Young Hands Club

February 24, 2020

WH Review of Week 19 (Feb 17th – Feb 23rd)

Filed under: Will Haack — Will Haack @ 1:20 am

The best thing that happened to me this week was the car breaking down. The realization of the cost of my stupidity was a motivational wakeup call. I thought of a footnote from a trilema article:

Same thing with people : “unde-i multa minte si prostie destula” quite literally means that people, irrespective of how tall, fat or intelligent, are nevertheless homeostatic, systems in equilibrium. An intelligent fellow will, voluntarily if disavowedly, balance himself out with stupidity. If he’s ten pounds intelligent he’ll find in the environment ten pounds’ worth of stupid, and go about like that, at the same pace as another, one pound intelligent, who therefore has the smarts (involuntary, he just can’t drag more around) to only carry one pound stupid, and also at the same pace as another, ten thousand tons’ intelligent, who’s decked himself in a small cruiser and goes about thusly. Among humans, the conservation of pace’s the foremost concern (a problem aggravated by an overvocal female herd, but not created by them). I, on the other hand, am not particularly intelligent — I’m just very systematicaly dedicated to not being stupid. A ten gram’s intelligence saddled with merely a gram’s stupidity will (unsurprisingly) blow out of the water a ten ton’s intelligence saddled with a battleship.

Be less stupid. I’m not even fucking kidding here.
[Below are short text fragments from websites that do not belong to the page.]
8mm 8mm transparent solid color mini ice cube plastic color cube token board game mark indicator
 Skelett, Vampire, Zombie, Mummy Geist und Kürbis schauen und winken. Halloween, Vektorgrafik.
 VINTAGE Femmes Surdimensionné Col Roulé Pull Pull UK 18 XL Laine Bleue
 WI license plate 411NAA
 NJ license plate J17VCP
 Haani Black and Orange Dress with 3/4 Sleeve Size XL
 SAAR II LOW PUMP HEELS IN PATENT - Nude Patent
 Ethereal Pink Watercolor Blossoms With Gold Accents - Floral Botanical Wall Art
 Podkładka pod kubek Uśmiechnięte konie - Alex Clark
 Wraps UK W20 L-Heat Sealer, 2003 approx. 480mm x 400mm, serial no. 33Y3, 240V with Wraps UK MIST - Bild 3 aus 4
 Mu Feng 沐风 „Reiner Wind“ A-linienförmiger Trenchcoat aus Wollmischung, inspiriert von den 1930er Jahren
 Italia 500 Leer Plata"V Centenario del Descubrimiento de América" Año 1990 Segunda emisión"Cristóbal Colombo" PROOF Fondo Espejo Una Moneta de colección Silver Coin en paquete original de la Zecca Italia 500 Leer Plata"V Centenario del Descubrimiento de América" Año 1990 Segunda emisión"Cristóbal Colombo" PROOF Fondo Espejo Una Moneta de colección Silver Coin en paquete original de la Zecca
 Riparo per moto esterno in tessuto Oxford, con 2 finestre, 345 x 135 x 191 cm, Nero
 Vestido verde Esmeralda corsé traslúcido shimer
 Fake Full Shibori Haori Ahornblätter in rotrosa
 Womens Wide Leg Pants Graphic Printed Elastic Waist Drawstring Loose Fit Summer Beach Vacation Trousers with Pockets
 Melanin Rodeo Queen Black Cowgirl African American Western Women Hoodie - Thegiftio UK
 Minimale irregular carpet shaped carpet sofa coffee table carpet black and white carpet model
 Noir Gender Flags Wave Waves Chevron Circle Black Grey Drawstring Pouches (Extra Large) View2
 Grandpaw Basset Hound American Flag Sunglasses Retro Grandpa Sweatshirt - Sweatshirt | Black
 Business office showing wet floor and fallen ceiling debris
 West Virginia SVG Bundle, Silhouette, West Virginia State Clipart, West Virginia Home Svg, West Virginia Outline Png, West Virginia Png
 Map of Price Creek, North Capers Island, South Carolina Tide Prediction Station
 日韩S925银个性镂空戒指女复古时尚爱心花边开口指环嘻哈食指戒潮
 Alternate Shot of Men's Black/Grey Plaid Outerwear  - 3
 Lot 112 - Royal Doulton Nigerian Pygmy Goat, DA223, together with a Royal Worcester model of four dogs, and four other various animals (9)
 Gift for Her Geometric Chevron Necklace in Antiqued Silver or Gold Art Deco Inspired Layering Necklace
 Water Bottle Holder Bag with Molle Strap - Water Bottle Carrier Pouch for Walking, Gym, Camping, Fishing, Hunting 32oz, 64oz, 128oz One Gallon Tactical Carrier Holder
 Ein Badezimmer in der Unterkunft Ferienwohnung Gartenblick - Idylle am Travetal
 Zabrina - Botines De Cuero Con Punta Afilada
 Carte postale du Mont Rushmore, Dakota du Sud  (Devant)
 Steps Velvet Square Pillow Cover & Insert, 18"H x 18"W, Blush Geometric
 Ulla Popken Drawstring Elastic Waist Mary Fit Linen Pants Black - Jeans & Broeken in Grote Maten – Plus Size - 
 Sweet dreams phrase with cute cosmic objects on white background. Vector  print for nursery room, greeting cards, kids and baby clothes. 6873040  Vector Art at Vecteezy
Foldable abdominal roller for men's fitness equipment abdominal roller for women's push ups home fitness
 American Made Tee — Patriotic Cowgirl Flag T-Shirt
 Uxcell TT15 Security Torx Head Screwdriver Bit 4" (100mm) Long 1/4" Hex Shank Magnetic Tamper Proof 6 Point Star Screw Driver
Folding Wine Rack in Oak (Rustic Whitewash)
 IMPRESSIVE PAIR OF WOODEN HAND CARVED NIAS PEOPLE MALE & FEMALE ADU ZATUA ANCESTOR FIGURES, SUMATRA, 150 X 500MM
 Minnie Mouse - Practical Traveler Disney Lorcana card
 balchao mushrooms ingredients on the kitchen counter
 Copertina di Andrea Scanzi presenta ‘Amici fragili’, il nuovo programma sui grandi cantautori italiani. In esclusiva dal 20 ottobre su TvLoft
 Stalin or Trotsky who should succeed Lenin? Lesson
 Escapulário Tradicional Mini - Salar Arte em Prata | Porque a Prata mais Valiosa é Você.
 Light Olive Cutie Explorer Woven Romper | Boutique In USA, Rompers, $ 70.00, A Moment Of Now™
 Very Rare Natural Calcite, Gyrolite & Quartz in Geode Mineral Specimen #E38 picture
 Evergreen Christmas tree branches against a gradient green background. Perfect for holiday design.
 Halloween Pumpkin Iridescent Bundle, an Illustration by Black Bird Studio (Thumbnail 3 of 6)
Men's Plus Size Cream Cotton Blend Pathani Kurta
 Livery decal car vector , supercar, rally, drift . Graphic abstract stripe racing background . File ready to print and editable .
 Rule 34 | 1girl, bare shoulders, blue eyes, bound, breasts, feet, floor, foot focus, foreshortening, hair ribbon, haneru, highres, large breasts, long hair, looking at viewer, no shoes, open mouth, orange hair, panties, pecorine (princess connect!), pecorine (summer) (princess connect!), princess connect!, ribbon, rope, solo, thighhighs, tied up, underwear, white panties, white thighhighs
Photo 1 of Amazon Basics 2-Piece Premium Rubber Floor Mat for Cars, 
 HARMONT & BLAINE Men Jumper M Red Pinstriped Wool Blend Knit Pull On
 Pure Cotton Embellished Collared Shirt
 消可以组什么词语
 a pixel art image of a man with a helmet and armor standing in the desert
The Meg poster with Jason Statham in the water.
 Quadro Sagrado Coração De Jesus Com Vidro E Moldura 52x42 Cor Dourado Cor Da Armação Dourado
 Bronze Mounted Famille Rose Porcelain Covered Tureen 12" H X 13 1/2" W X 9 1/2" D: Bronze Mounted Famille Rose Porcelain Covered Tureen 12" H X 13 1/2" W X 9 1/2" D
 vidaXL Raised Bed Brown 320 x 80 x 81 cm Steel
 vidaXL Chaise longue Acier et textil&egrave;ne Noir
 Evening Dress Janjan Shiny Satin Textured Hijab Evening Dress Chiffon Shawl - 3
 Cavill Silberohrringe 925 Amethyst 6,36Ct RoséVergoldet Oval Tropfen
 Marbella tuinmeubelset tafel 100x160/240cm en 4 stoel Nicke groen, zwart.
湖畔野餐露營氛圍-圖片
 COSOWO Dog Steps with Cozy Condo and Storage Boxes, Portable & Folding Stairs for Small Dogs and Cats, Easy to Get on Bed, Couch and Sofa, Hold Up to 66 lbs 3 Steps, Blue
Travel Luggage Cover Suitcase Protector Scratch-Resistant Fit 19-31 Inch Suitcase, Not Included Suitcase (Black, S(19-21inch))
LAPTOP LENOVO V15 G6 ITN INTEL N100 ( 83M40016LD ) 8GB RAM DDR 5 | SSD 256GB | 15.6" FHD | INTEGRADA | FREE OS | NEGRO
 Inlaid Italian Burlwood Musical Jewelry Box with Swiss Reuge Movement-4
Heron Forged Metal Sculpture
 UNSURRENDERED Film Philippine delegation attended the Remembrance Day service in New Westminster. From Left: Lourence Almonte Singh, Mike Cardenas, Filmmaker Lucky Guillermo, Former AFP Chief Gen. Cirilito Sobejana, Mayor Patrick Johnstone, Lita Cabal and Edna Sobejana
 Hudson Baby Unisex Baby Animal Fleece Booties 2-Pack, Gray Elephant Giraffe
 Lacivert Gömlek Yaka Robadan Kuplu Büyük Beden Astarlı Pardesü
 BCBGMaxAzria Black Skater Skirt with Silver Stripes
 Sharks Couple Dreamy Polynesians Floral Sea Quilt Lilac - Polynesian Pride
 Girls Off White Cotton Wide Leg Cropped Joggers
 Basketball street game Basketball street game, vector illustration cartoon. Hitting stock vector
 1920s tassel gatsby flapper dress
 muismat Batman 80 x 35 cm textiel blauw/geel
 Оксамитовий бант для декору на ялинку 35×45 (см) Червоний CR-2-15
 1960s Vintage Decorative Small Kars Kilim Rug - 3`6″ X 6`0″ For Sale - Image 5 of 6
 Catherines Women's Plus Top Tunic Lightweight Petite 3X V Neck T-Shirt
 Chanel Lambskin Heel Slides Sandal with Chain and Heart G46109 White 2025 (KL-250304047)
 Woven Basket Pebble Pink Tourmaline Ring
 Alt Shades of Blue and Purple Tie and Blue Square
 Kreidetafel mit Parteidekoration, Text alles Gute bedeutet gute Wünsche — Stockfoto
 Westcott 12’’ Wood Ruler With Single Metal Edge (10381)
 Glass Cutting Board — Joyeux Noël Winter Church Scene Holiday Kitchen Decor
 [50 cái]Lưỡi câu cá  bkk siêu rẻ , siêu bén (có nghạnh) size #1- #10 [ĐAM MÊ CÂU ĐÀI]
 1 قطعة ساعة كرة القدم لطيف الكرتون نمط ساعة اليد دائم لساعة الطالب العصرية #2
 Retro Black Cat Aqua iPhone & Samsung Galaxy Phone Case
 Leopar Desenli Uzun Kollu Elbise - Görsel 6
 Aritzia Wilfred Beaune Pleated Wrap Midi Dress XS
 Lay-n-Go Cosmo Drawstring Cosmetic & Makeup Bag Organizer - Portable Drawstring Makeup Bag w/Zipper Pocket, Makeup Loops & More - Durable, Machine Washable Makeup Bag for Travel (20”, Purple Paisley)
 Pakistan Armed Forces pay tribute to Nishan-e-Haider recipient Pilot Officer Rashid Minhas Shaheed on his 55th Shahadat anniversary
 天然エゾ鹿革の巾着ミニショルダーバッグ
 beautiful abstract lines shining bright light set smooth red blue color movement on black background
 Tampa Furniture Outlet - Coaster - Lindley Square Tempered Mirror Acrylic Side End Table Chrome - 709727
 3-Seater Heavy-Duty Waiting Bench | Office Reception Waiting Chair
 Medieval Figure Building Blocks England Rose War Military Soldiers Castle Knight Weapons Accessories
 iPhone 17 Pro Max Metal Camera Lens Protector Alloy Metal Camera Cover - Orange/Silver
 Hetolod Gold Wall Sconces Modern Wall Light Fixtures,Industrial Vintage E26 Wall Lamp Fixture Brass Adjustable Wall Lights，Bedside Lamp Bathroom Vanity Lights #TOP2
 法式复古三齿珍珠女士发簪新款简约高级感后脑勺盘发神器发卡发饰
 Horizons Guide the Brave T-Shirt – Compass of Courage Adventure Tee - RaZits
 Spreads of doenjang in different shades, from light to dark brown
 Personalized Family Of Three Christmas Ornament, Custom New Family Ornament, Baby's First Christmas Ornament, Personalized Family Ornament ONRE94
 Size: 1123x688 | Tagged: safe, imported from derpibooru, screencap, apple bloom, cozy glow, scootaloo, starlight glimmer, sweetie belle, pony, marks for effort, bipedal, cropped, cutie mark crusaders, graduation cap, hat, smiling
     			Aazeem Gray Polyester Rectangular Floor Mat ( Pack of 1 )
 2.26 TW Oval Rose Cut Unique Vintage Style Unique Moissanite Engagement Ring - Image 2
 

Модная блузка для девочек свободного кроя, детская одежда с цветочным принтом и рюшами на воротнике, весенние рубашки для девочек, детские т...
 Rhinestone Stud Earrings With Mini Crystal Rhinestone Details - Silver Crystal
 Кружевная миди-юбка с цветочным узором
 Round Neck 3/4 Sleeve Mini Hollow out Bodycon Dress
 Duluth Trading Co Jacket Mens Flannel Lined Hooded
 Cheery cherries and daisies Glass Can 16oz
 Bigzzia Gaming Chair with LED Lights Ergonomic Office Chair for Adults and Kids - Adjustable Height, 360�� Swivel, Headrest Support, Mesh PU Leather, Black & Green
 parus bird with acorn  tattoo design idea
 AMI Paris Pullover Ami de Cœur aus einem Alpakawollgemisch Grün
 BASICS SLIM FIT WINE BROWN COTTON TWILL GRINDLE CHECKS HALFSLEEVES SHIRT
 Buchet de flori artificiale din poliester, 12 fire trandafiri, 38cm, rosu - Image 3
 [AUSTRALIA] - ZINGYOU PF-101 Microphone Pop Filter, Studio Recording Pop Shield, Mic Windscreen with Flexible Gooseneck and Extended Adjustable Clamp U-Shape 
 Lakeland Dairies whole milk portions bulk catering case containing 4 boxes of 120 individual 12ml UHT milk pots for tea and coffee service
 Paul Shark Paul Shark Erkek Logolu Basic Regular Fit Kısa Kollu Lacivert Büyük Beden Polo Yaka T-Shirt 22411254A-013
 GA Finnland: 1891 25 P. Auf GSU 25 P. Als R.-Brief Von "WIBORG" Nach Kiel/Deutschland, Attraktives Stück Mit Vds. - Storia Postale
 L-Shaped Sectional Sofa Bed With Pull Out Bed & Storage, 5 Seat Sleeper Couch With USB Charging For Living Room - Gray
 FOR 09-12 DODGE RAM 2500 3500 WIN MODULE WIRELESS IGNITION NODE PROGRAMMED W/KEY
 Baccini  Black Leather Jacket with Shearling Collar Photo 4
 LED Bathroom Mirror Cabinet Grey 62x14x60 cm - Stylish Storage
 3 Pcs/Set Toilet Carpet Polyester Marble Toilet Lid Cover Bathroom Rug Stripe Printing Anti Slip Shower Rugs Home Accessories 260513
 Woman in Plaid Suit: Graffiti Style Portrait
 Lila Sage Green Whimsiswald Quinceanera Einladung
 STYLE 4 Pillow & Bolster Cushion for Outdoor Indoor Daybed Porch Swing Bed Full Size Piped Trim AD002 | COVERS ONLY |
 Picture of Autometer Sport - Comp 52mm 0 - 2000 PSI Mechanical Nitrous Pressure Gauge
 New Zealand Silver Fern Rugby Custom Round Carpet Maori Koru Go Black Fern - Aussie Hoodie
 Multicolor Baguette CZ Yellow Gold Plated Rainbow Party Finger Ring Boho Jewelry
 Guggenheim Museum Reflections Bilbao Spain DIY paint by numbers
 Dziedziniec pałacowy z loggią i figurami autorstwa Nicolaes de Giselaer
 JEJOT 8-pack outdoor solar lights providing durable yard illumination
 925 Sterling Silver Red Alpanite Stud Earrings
Overcoming past problems (for example, spinning for hours before writing) has afforded me more time to be stupid. This past week I returned/created some bad habits such as: waking up late, eating unhealthy, playing the guitar and surfing as avoidance behavior, and doing subpar saltmines work.

At various times during the week I was making decisions that were against my better judgement. I knew when the fatlogic was taking hold but I still let it let play its tricks. I had the contiuous “this is the last time I make this stupid decision before I fix the problem for good” mindset.

Being more aware of my stupidity as I engage in it has brought a sense of guilt and worthlessness that I am struggling against. That sense of worthlessness my stupidity fosters is debilitating and I can see that if it’s not stopped in its tracks I will quickly spiral back down to ~my weed addiction state.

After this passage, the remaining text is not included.